E lo stesso accade appoggiando acriticamente il genocidio messo in atto da Israele. Ascoltando il racconto propagandistico avvertiamo nelle parole istituzionali il dramma per l'attentato all'infrastruttura ucraina ad esempio. Lo stesso coinvolgimento emotivo viene meno quando si tratta delle innocenti vittime palestinesi. E, se nel primo caso, vi è un confronto armato tra eserciti, il dramma a cui sono sottoposte le popolazioni del Medio Oriente vedono uno scontro impari tra l'esercito ed i coloni israeliani genocidari e, dall'altra, una popolazione inerme. Tristi per le sorti della popolazione ucraina. Freddi e distaccati quando le vittime delle mire (e della complicità) occidentali sono i migranti dalla pelle scura o i palestinesi. La stessa enfasi posta dagli inquietanti inviati di guerra. Giornalai al servizio degli interessi imperialistici. E che, in alcuni casi, corrono il rischio di pagare le conseguenze di complicità ed infiltrazioni. E' quanto accaduto alla giornalista Cecilia Sala. Collaboratrice del Foglio, organo fra i tanti della propaganda sionista. E visti gli sconfinamenti bellici di Israele in Siria e Libano, o le provocazioni all'Iran, c'era da aspettarsi qualche reazione.

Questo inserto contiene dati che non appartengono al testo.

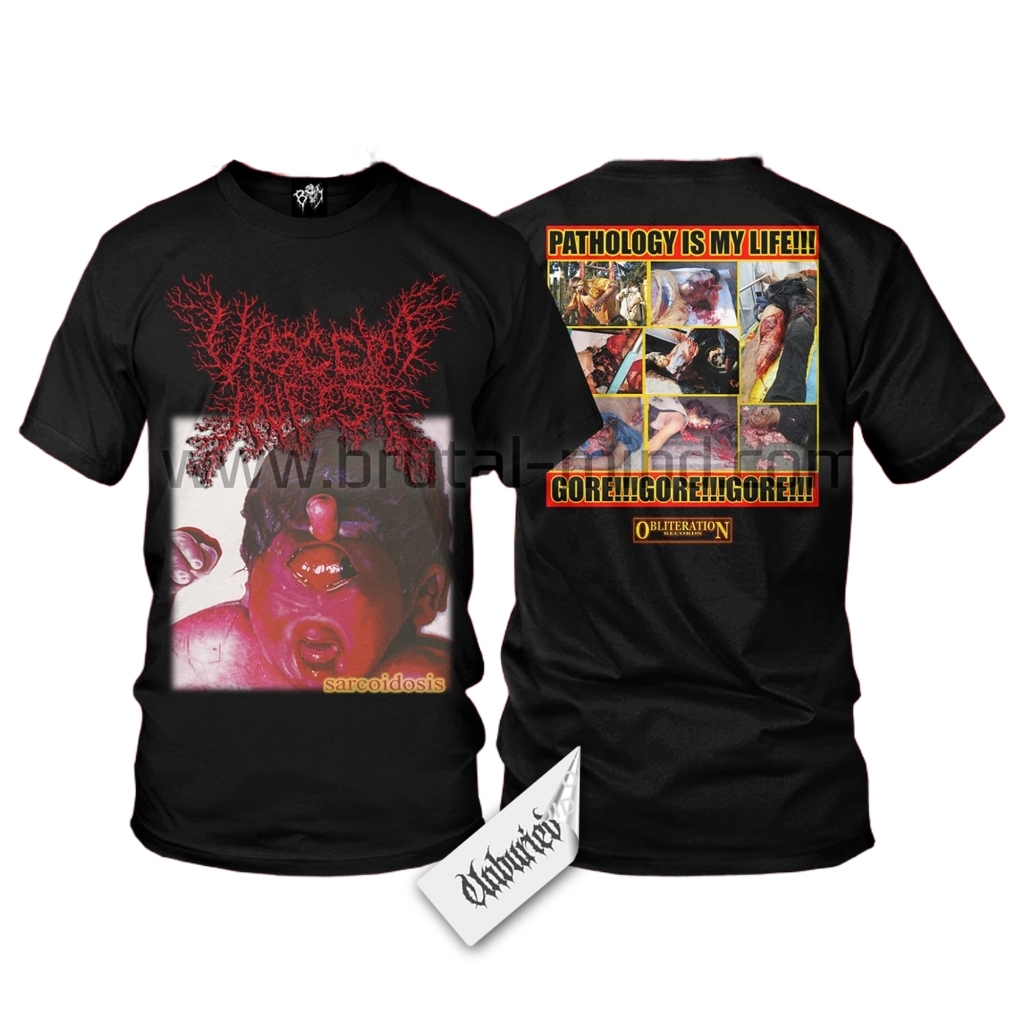 Short Sleeve - Viscera Infest - Sarcoidosis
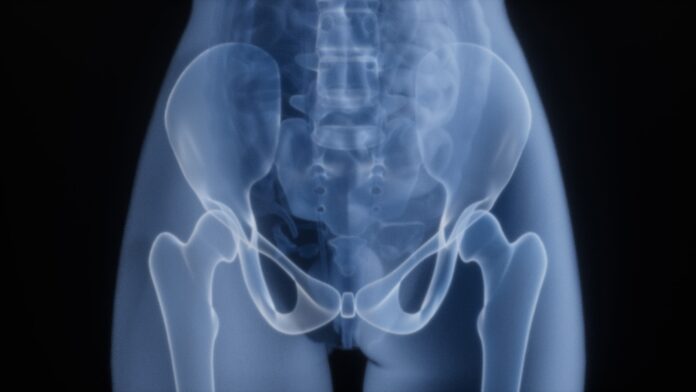 Photo by Rohit Choudhari X-ray of a human pelvis and hips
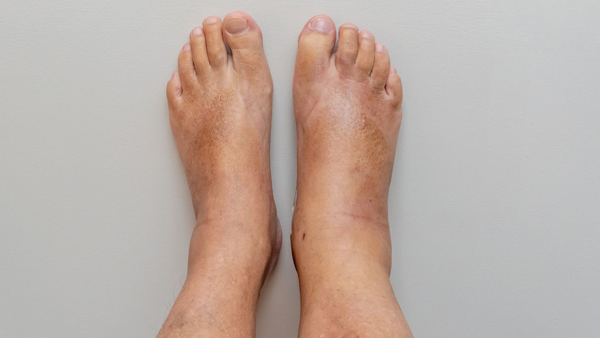 swollen feet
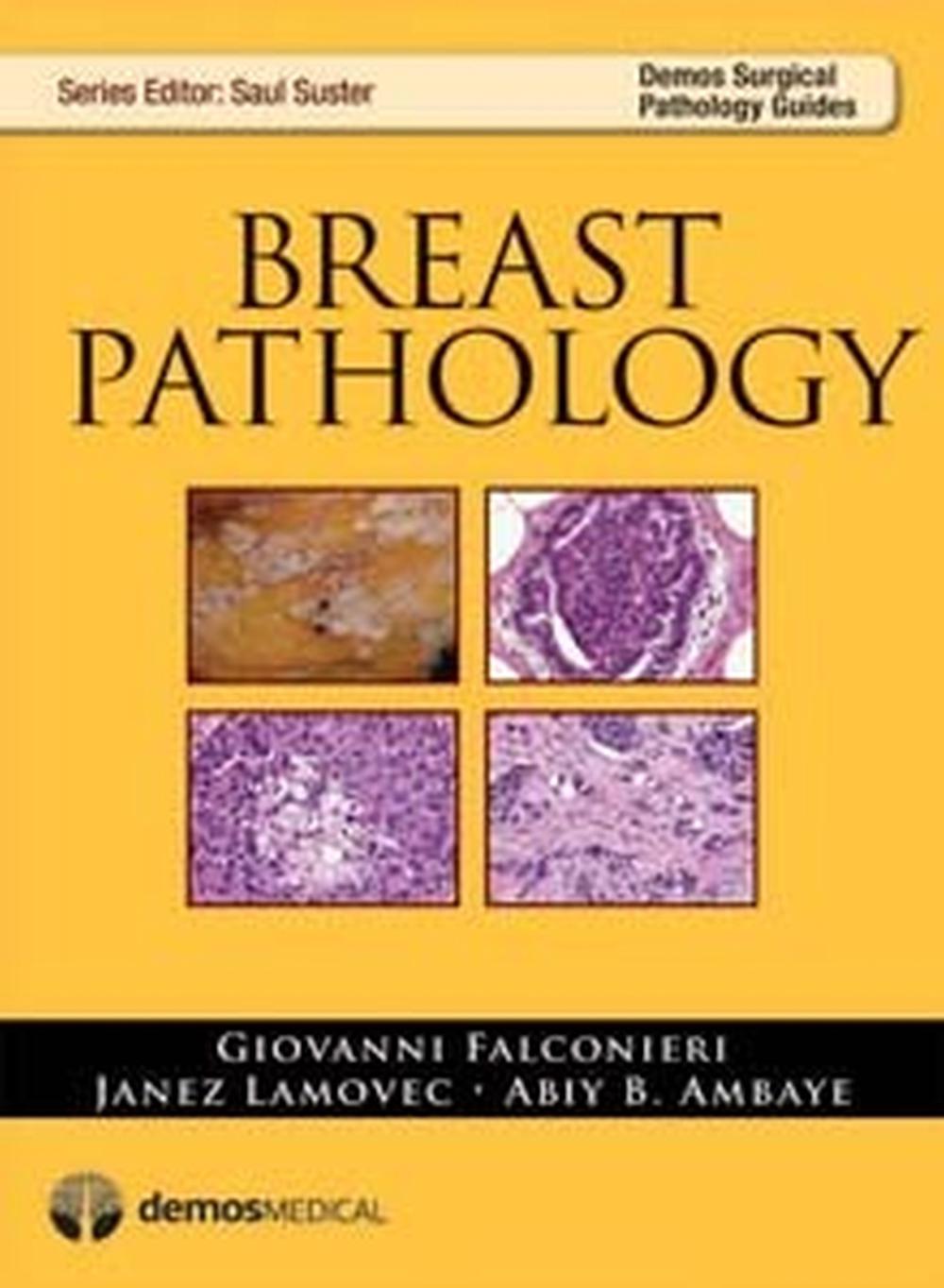 Breast Pathology, 9781936287307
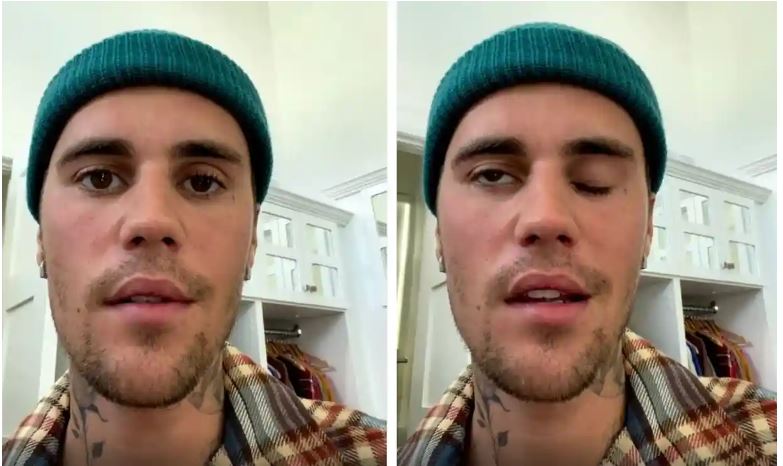 Half of Justin Beiber's face paralysed by serious virus, cancels shows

Noi, i paladini della libera informazione, che guardiamo con disprezzo gli altri, le teocrazie ed i regimi fondamentalistici, perchè chi dissente viene imprigionato e perseguito. Sempre noi che invece chiudiamo gli occhi quando ad essere incarcerati ed uccisi sono i giornalisti presi di mira dalla "democratica" Israele. E sono centinaia i giornalisti uccisi! E poi le ulteriori interconnessioni tra il mondo arabo e le alleanze strategiche che coinvolgono la Russia, la Turchia, la Cina. L'Occidente paladino di un modo di vivere che genera il male. Ed i cui rappresentanti, in tutte le sfere, altro non sono che i garanti di quelle istituzioni borghesi, produttrici di secoli di ingiustizie e sofferenze. Esecutori posti come "equilibratori" che, dall'alto dei loro privilegi (di status, economici, ecc.), si arrogano il diritto di parlare in nome di tutti. La visione particolaristica del bene proveniente dalle alte sfere. Quella che non si è mai sporcata le mani in società e, a tal fine,  mira a rimuovere, volutamente, il residuo di coscienza (ed il conflitto) di classe. In cerca di quella pacificazione, altrove assente, buona per sedare gli animi, e che vuole forgiare un popolo disadattato per renderlo nazione-indistinta. E passiva. Ma attraverso cui riconoscere e/o ritrovare l'identità perduta. Ed è la conseguenza della mancanza di senso di uno Stato, incapace di portare ad attuazione concreta i principi costituzionali risultanti dal compromesso postbellico, e tendenti alla convivenza.

Così coabitano senza disturbo la restaurazione liberista ed il conservatorismo reazionario. Apetti complementari che accentrano i privilegi. Stessa faccia delle diseguaglianze e dell'imperialismo guerrafondaio. Però per calmare gli animi c'è sempre un tricolore da sventolare.  Nel quale identificarsi per superare le frustrazioni del quotidiano. E del quale farsi  vanto, che si tratti di festeggiare le imprese sportive od altra conquista predatoria (a proposito di élite). Ed il popolino, spaesato ed abbruttito, ubbidisce. E la massa, impoverita dal disagio economico-esistenziale abbocca.